┏━━

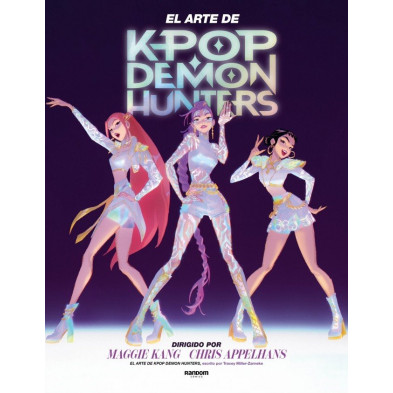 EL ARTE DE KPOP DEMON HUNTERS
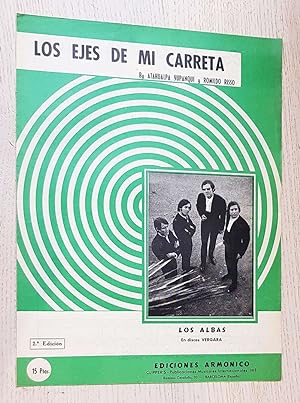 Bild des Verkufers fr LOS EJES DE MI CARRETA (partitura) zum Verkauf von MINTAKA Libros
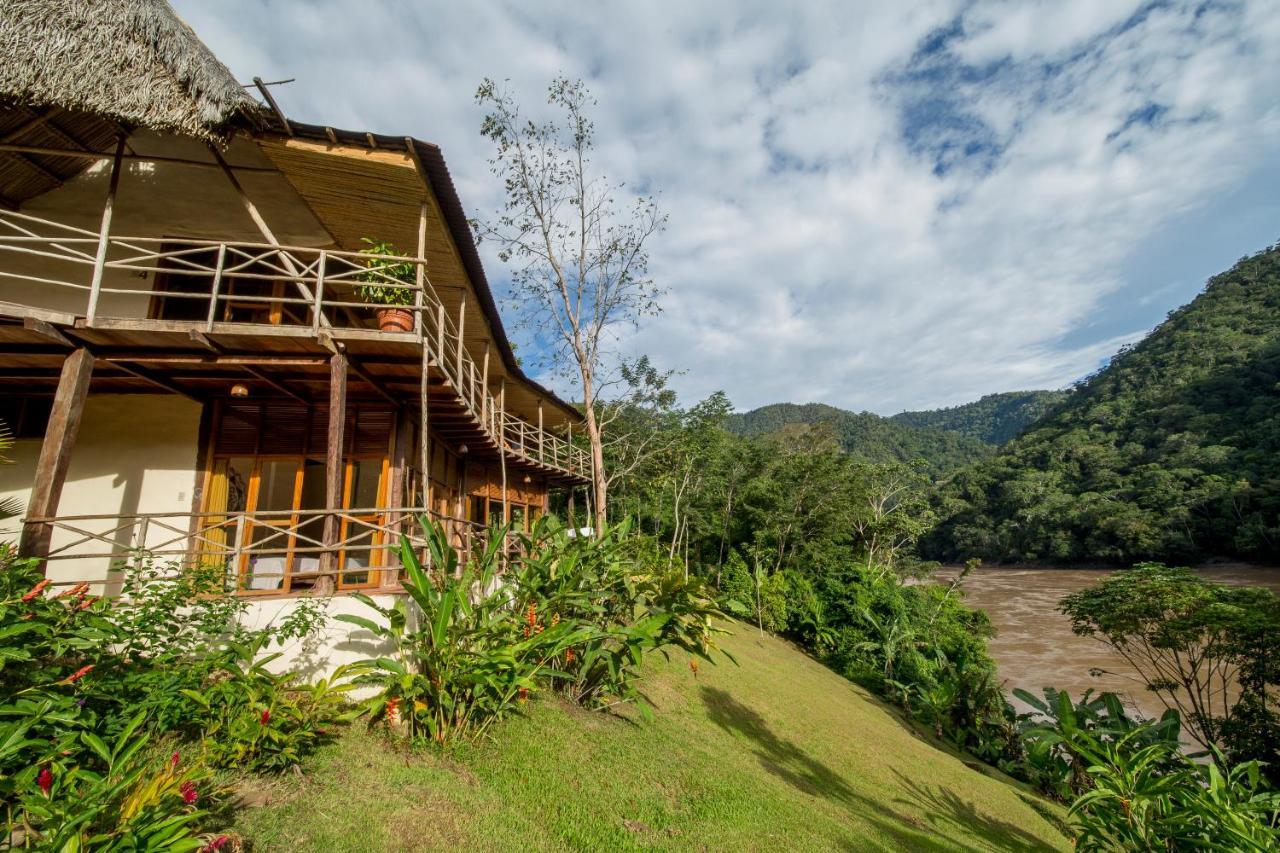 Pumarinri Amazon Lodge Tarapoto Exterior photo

┗━━

- _AIM OF THE EXERCISE_
Write out the whole listing exactly, with no pictures.

- _OUTPUT FOR THIS TASK_
 EL ARTE DE KPOP DEMON HUNTERS
 Bild des Verkufers fr LOS EJES DE MI CARRETA (partitura) zum Verkauf von MINTAKA Libros
 Pumarinri Amazon Lodge Tarapoto Exterior photo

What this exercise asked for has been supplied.